DATA SEGMENT:
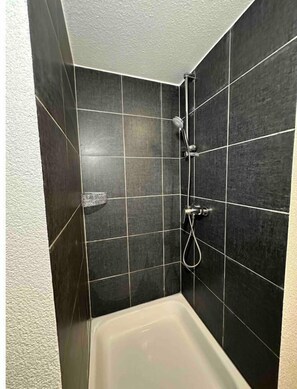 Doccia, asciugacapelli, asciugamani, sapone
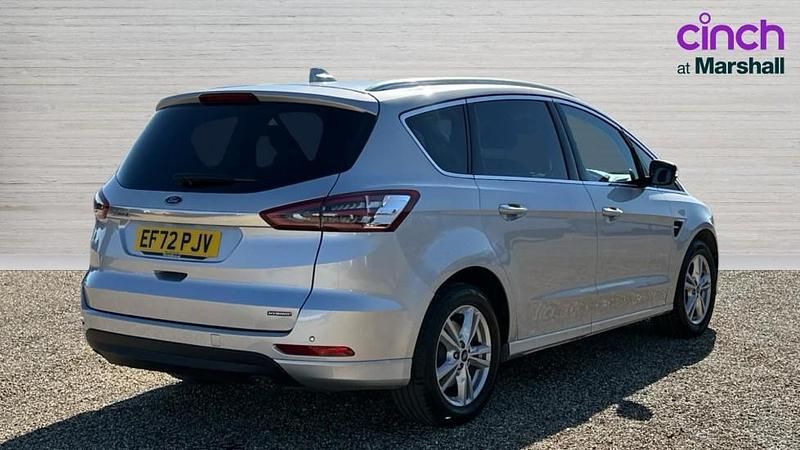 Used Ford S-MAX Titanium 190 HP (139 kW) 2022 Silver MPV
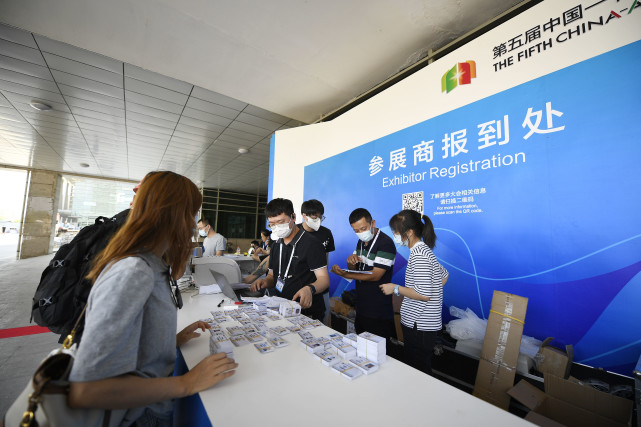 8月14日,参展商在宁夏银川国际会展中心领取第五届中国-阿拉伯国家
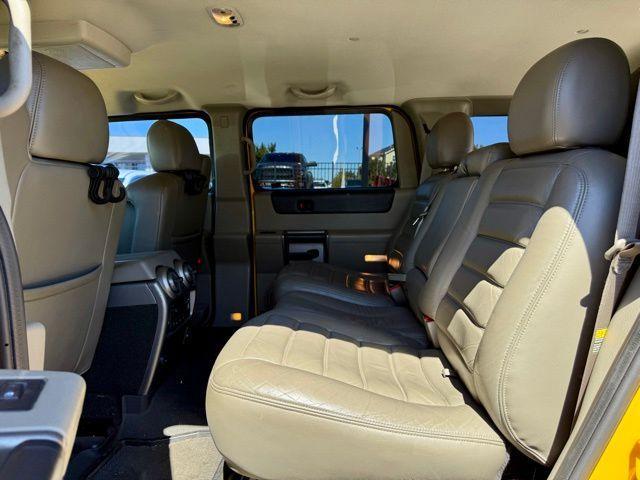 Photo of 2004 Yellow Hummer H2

TASK TO CARRY OUT:
Make an exact copy of the data, leaving its pictures out.

SOLUTION TO THIS TASK:
 Doccia, asciugacapelli, asciugamani, sapone
 Used Ford S-MAX Titanium 190 HP (139 kW) 2022 Silver MPV
 8月14日,参展商在宁夏银川国际会展中心领取第五届中国-阿拉伯国家
 Photo of 2004 Yellow Hummer H2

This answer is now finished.